Unnamed: 0,CRIM,ZN,INDUS,CHAS,NOX,RM,AGE,DIS,RAD,TAX,PTRATIO,LSTAT,MEDV
0,0.00632,18.0,2.31,0,0.538,6.575,65.2,4.09,1,296,15.3,4.98,24.0
1,0.02731,0.0,7.07,0,0.469,6.421,78.9,4.9671,2,242,17.8,9.14,21.6
2,0.02729,0.0,7.07,0,0.469,7.185,61.1,4.9671,2,242,17.8,4.03,34.7
3,0.03237,0.0,2.18,0,0.458,6.998,45.8,6.0622,3,222,18.7,2.94,33.4
4,0.06905,0.0,2.18,0,0.458,7.147,54.2,6.0622,3,222,18.7,5.33,36.2


In [40]:
X_train,X_test,Y_train,Y_test=train_test_split(x,y,test_size=0.2)

In [41]:
scaler=StandardScaler()
X_train=scaler.fit_transform(X_train)
X_test=scaler.transform(X_test)

In [59]:
#Define Regression Models
regressor_models={
    'Multi-Linear Regression' : LinearRegression(),
    'Polynomial Regression_Lasso' : make_pipeline(PolynomialFeatures(degree=5),Lasso(alpha=0.1,max_iter=10000)),
    'Polynomial Regression_Ridge' : make_pipeline(PolynomialFeatures(degree=5),Ridge(alpha=0.1,max_iter=10000)),
    'KNN-Regressor' : KNeighborsRegressor(n_neighbors=5,metric='minkowski',p=2),
    'Decision Tree Regressor' : DecisionTreeRegressor(criterion='squared_error',max_depth=3) ,
    'Random Forest Regressor' : RandomForestRegressor(n_estimators=100,max_depth=3),
    'Support Vector Regressor' :SVR(kernel='rbf',C=20)

       }

In [60]:
#Evaluate the Models
result = {}
for name, model in regressor_models.items():
    model.fit(X_train, Y_train)  # Fit the model
    y_pred = model.predict(X_test)  # Make predictions
    
    # Calculate evaluation metrics
    mae = mean_absolute_error(Y_test, y_pred)
    mse = mean_squared_error(Y_test, y_pred)
    r2 = r2_score(Y_test, y_pred)
    
    result[name] = {'MAE': mae, 'MSE': mse, 'R2_Score': r2}
    
    print(f'{name} - MAE: {mae:.2f}, MSE: {mse:.2f}, R2_Score: {r2:.2f}')

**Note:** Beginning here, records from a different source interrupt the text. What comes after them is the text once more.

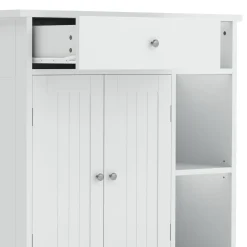 Badezimmerschrank FONTANA 75 x 30 x 80 cm weiss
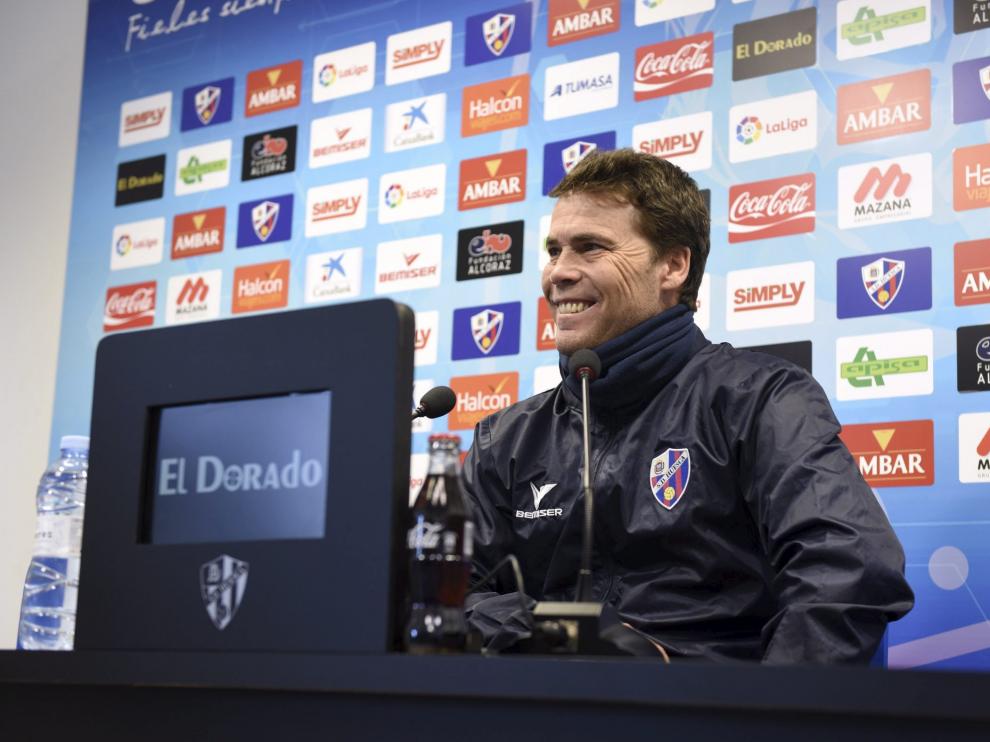 Un sonriente Rubi, antes de comenzar su comparecencia de este jueves.
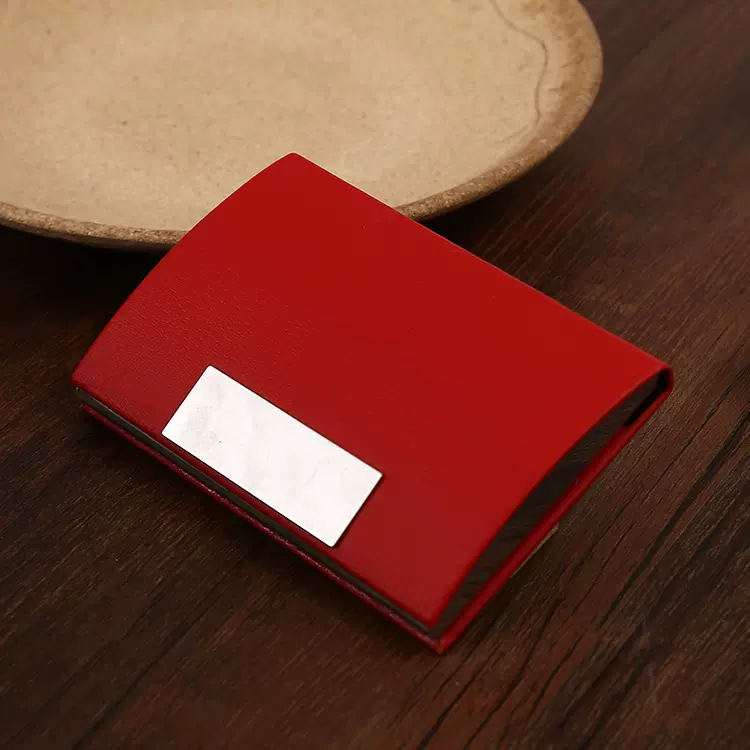 直销厂家生产商务皮革长方形名片盒名片夹皮革名片盒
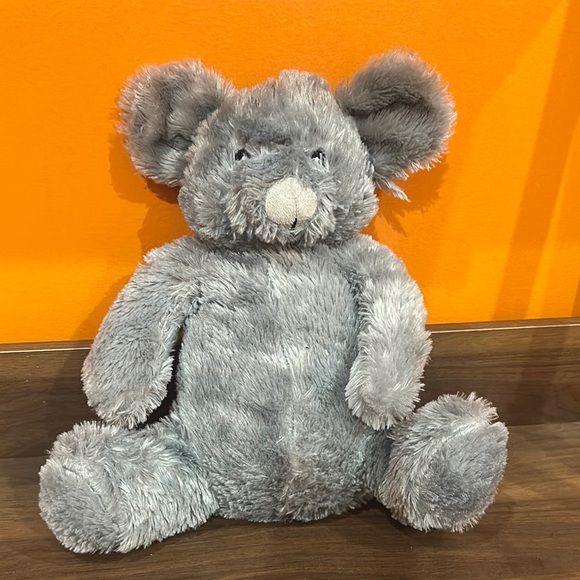 Gray Plush Teddy Bear - Picture 2 of 5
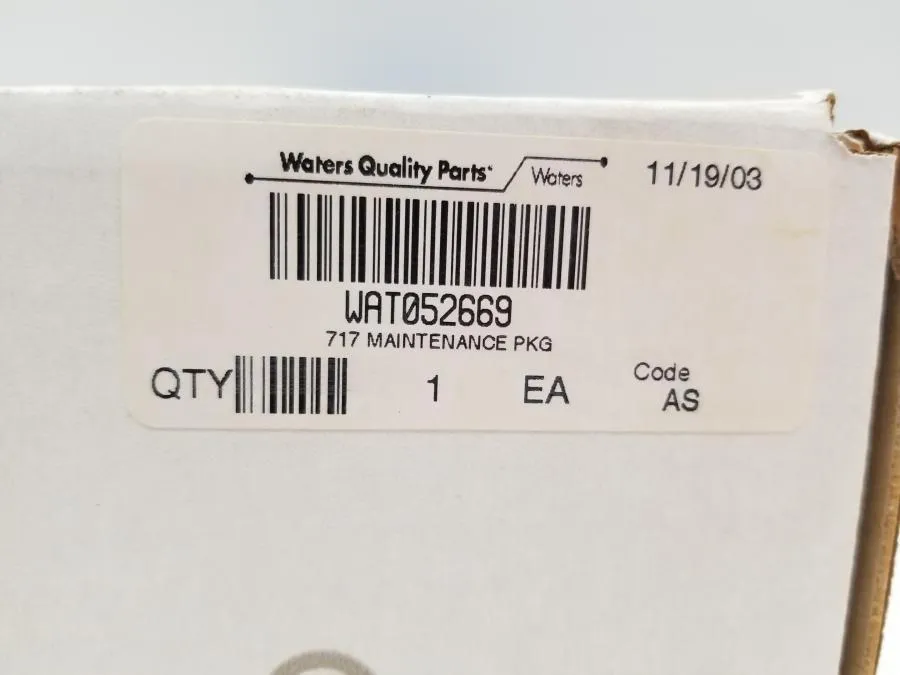 Waters WAT052669 717 HPLC Autosampler Performance Maintenance Kit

Multi-Linear Regression - MAE: 3.62, MSE: 31.92, R2_Score: 0.68


  model = cd_fast.enet_coordinate_descent(


Polynomial Regression_Lasso - MAE: 3.88, MSE: 65.99, R2_Score: 0.35
Polynomial Regression_Ridge - MAE: 9.75, MSE: 425.58, R2_Score: -3.22
KNN-Regressor - MAE: 3.28, MSE: 35.85, R2_Score: 0.64
Decision Tree Regressor - MAE: 3.75, MSE: 24.05, R2_Score: 0.76
Random Forest Regressor - MAE: 3.37, MSE: 24.31, R2_Score: 0.76
Support Vector Regressor - MAE: 2.52, MSE: 19.87, R2_Score: 0.80


In [44]:
# Determine the best fit algorithm
best_model_name = {}
best_model_score = 0

for name in result:
    if result[name]['R2_Score'] > best_model_score:
        best_model_score = result[name]['R2_Score']
        best_model_name = name

print(f'\nThe model with the highest R2_Score is: {best_model_name} with R2_Score: {best_model_score:.2f}')



The model with the highest R2_Score is: Support Vector Regressor with R2_Score: 0.80


Task 2:
-------
Titanic Passenger Survival Prediction - The Titanic dataset contains data on passengers aboard the Titanic, where the task is to predict whether a passenger survived or not based on various features.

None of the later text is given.